# WORK INSTRUCTION
For this exercise, copy out each line of the material below that includes "with".

# EXERCISE MATERIALS
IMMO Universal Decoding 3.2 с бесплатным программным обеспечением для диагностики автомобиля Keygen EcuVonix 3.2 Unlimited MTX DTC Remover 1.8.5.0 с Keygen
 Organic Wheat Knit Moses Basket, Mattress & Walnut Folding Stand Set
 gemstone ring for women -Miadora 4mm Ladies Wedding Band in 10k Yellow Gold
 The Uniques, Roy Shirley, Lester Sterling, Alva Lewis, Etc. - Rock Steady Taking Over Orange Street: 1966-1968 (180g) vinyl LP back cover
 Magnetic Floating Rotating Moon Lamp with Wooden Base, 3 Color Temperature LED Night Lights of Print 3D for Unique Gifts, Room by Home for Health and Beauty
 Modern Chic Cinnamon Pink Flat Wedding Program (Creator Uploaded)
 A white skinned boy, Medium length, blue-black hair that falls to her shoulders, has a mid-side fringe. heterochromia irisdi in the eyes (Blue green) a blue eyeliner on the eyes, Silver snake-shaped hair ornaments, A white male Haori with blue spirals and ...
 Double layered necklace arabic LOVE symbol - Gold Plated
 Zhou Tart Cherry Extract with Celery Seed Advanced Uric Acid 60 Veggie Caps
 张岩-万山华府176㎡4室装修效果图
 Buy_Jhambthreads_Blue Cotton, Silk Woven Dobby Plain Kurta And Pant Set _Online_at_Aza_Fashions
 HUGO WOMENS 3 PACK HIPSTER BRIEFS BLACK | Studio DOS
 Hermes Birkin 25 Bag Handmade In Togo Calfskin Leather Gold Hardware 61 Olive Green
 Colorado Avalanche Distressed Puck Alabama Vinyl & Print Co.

# THE ANSWER
 Magnetic Floating Rotating Moon Lamp with Wooden Base, 3 Color Temperature LED Night Lights of Print 3D for Unique Gifts, Room by Home for Health and Beauty
 A white skinned boy, Medium length, blue-black hair that falls to her shoulders, has a mid-side fringe. heterochromia irisdi in the eyes (Blue green) a blue eyeliner on the eyes, Silver snake-shaped hair ornaments, A white male Haori with blue spirals and ...
 Zhou Tart Cherry Extract with Celery Seed Advanced Uric Acid 60 Veggie Caps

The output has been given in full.